# Retired...



## POMilton (Oct 21, 2015)

After 14 weeks of driving, it just got too hard to drag out there for the diminishing money. So over 14 weeks I drove:

Miles: 5617
Made: $6,598.93
Milage deduction: $3232.17
Average per week: $428.57 + one $600 bonus

Countless hours in the car, no major repairs but I know they will be coming. Ok with it as I am driving a 2004 Camry I bought for 2k in 2010 . I am planning on buying a new car in 2016. For the most part, it was a job I enjoyed. I enjoyed watching the sunrise on the lakefront and the adrenaline rush of those first few weeks when it seemed money was easier and the surges lasted longer. I'll fondly remember many of the conversations with customers. One thing is for sure, I have some great stories and it helped get me through the roughest time in my life (still going through it).

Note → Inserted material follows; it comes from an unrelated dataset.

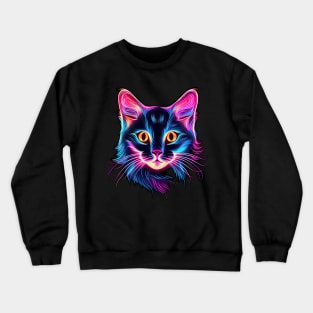 Neon Cat Face in colorful neon pink and neon blue Crewneck Sweatshirt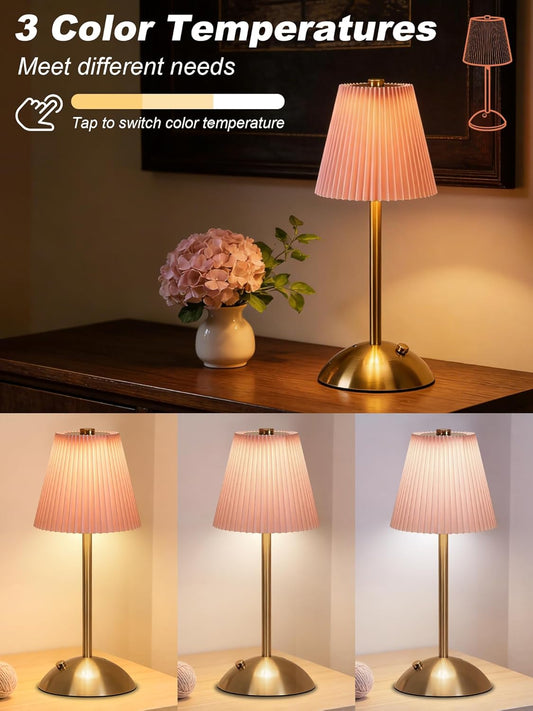 Cordless Pink Table Lamp,Cute Small Desk Lamp,Vintage Aesthetic Lamp | 3 Color Dimmable Night Light,Rechargrable LED Lamp with Fabric Lampshade,Touch Lamp for Home Office Dorm Decor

But the pay and liability is just not worth it at this point. I still have the same full time job I've had for the last 12 years so I think it's time to rest and start enjoying life again. I'll miss the money but know that it wasn't as "real" as it may seem (wear and tear, taxes, time, etc).

All in all, it was a pretty positive experience. However, Uber is a crap company that I don't trust and no longer want to participate as a "partner" in their business. Good luck to you guys hanging on.


----------



## maui (Dec 22, 2015)

Amen to you. 

The liability / insurance risk is HUGE as well as most people don't realize the wear and tear costs

I don't think I will ever make any decent money on Uber, but do think being selective and driving 1 - 3 days a month I can cover my car payment and put a little away for when I plan to replace my car in 3 - 4 years.


----------